Quando parece que a política já apodreceu —o Cunha ainda com mandato, o Renan ameaçando o Janot de impeachment, o Campos transferido da cova para um inquérito policial, o Rio quebrado e as empreiteiras revelando que o Cabral também distribuía mordida$— surge na Câmara mais uma evidência de que a putrefação é apenas uma escala rumo ao insolúvel: vice-presidente da CPI do Carf, o deputado Hildo Rocha (PMDB-MA) acusa um membro da comissão de frequentar os dois lados do guichê, ora fingindo que investiga, ora extorquindo investigados.
Você pensa nas 105 condenações da Lava Jato, cujas penas somam 1.140 anos, 9 meses e 11 dias de cadeia, respira fundo e imagina: “O brasileiro já pode dormir mais tranquilo…” E não pode. Tem que se preocupar com a CPI do Carf. Hildo Rocha contou à repórter Gabriela Valente que um empresário lhe disse “que estava sendo chantageado por um deputado.”
Cadê o empresário? “Eu pedi que ele, junto comigo, fizesse a denúncia, e perguntei se eu poderia mencionar o nome dele e o do deputado. Ele disse que não.” Por que o vice-presidente da CPI não joga o caso no ventilador? “Porque a pessoa que me disse que estava sendo achacada não quis que eu dissesse o nome dela. Se ele permitisse que eu dissesse o nome, eu teria de dizer quem é a pessoa e quem é o deputado. Ela ficou é com medo. Ela está com medo!”
O Carf, você sabe, é o conselho que funciona como tribunal administrativo de recursos contra autuações da Receita Federal. O órgão virou escândalo porque a plutocracia foi pilhada comprando conselheiros para cancelar dívidas fiscais bilionárias. Surgida do nada, em ritmo de truque cinematográfico, a CPI do Carf parecia não ter serventia. Todas as mutretas que os deputados se dispõem a investigar já estão sendo escarafunchadas pela Polícia Federal e pela Procuradoria da República na Operação Zelotes.

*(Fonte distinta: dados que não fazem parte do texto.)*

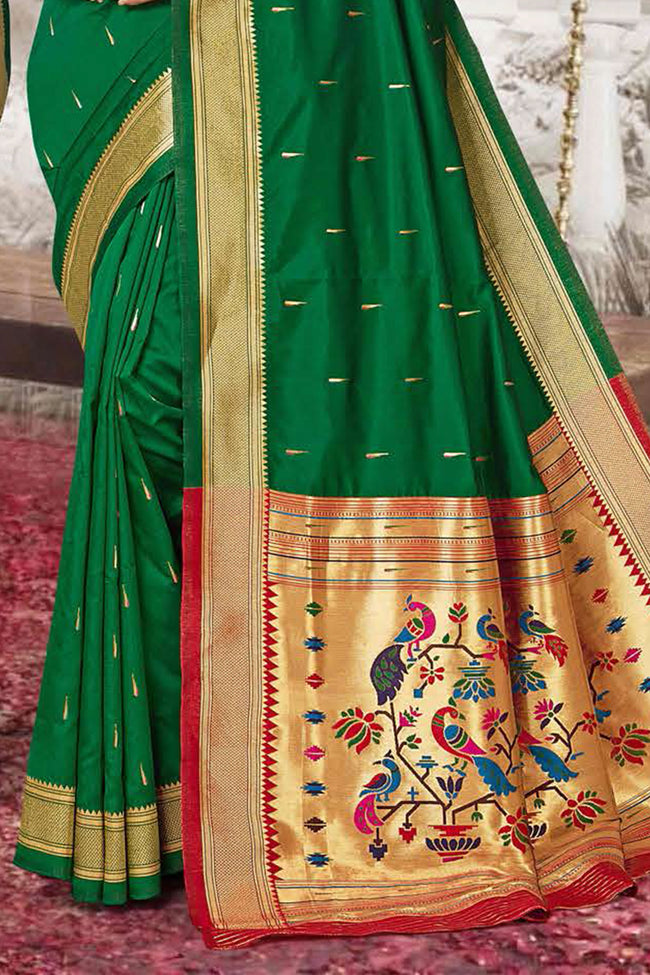 Forest Green With Red Woven Art Silk Paithani  Saree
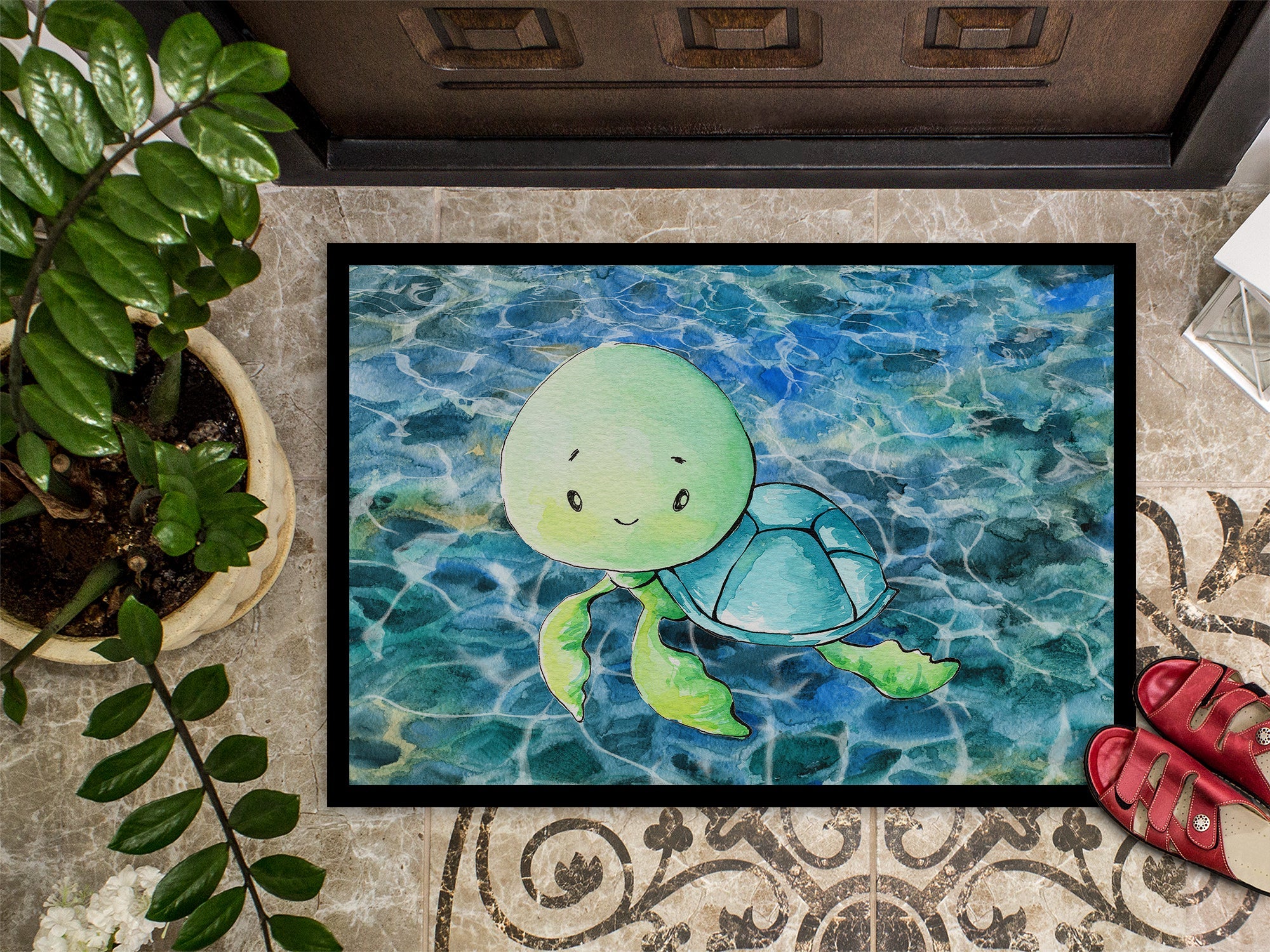 Sea Turtle Doormat Indoor Outdoor 24H X 36W Front Door Mat Rugs for Entryway, Non Slip Washable Low Pile,
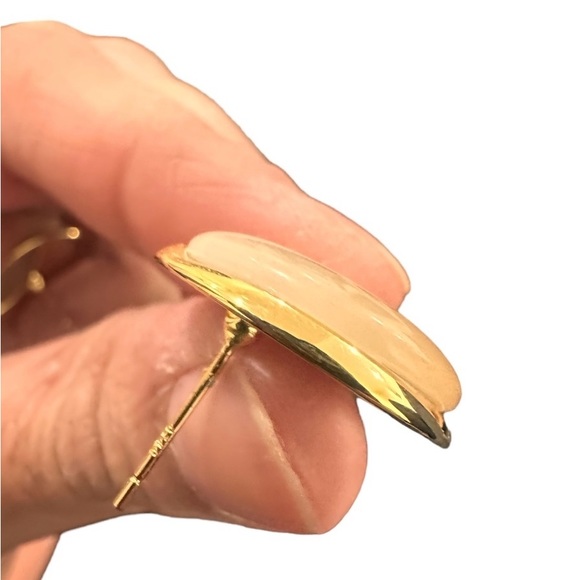 Opal Gold Plated Earrings Large Studs - Picture 7 of 9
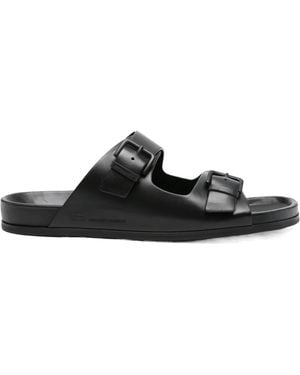 Ami Paris Buckle Strap Sliders - Black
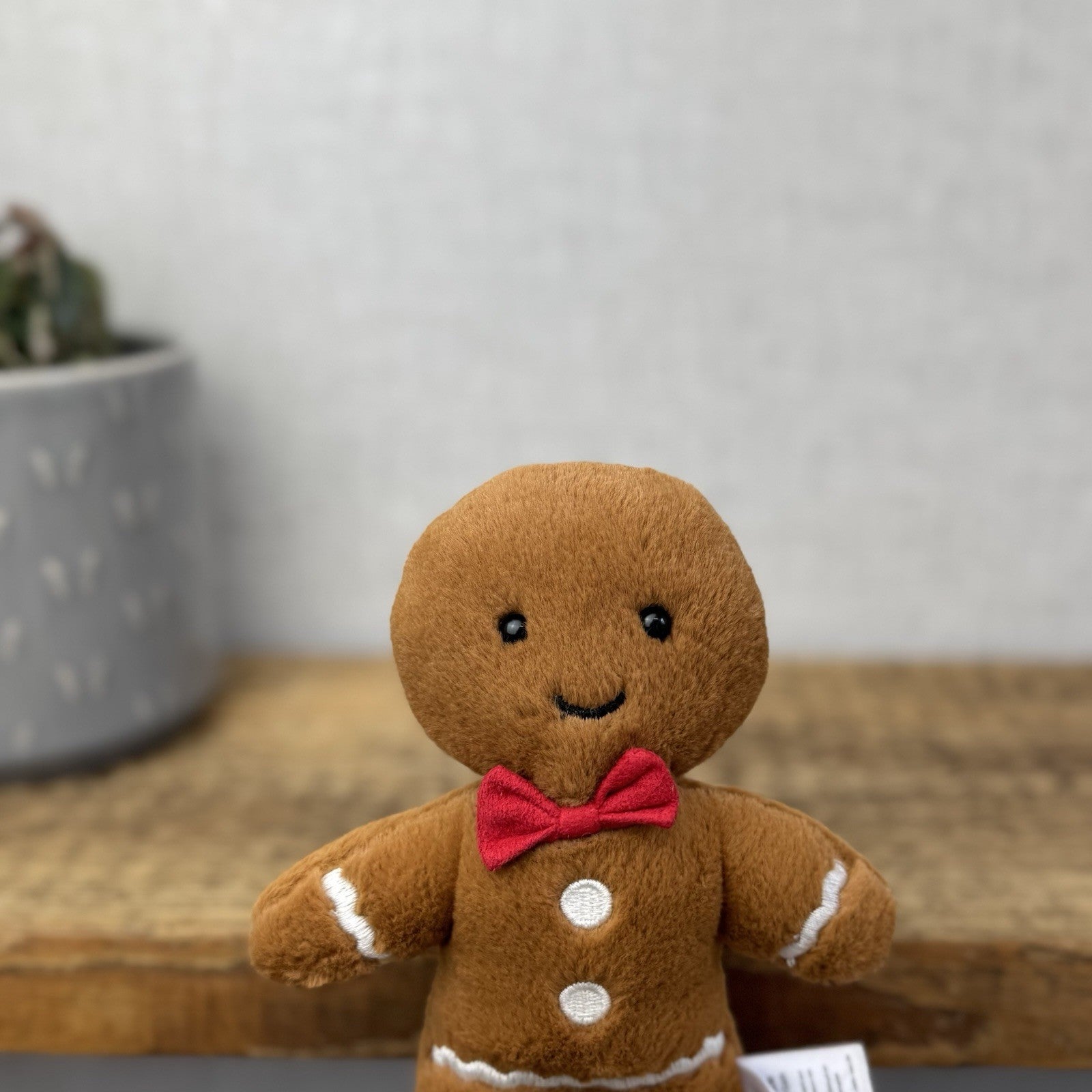 Jellycat Small Jolly Gingerbread Fred - Older Style Red Bow Gingerbread Plush 9"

Os deputados forçam uma porta já arrombada. Em investigações que não devem nada à teatralidade de uma CPI, já foram quebrados sigilos bancários, fiscais e telefônicos; executaram-se dezenas de mandados judiciais de prisão e de busca e apreensão. A apuração chegou a figurões de logomarcas como a Gerdau, o Bradesco e o Banco Safra. O inquérito chegou mesmo a dar à luz um filhote, desdobrando-se no caso de comercialização de medidas provisórias. Até Fábio Luís, o caçula de Lula, já se encontra no caldeirão.
Quando se imaginava que a CPI do Carf era apenas inútil, descobre-se que sua utilidade é tóxica. Foi constituída para que certos deputados —não confundir com deputados certos— testem sua vocação para o teatro, fazendo numa mesma encenação o duplo papel de polícia e de bandido. À plateia é reservado o papel de trouxa.
O ex-senador Gim Argello está preso em Curitiba há dois meses porque cobrou R$ 5 milhões da empreiteira UTC e R$ 350 mil da OAS para que seus executivos não fossem convocados a sentar no banco da CPI da Petrobras. O deputado Dudu da Fonte (PP-PE) acaba de ser denunciado pela Procuradoria ao STF por cobrar R$ 10 milhões do ex-diretor da Petrobas Paulo Roberto Costa para abafar outra CPI que tinha a estatal como alvo. O tucano Sérgio Guerra, ex-presidente do PSDB federal, só não foi denunciado mesmo inquérito porque morreu em 2014.
Nenhum proveito da sua missão compensa o que as últimas CPIs fizeram com o instituto das CPIs e com os nervos dos brasileiros. E as encrencas não param. A coisa é tão séria que parece piada. Já se ouve “sabe a última do Papagaio?” com a mesma frequência com que se escuta “sabe a última do Eduardo Cunha?”
Esse deputado, como todo parlamentar, tem foro especial, sabe que será julgado pelo STF, e sabe também, que não julga nem condena ninguém. Assim tem autorização para delinqui.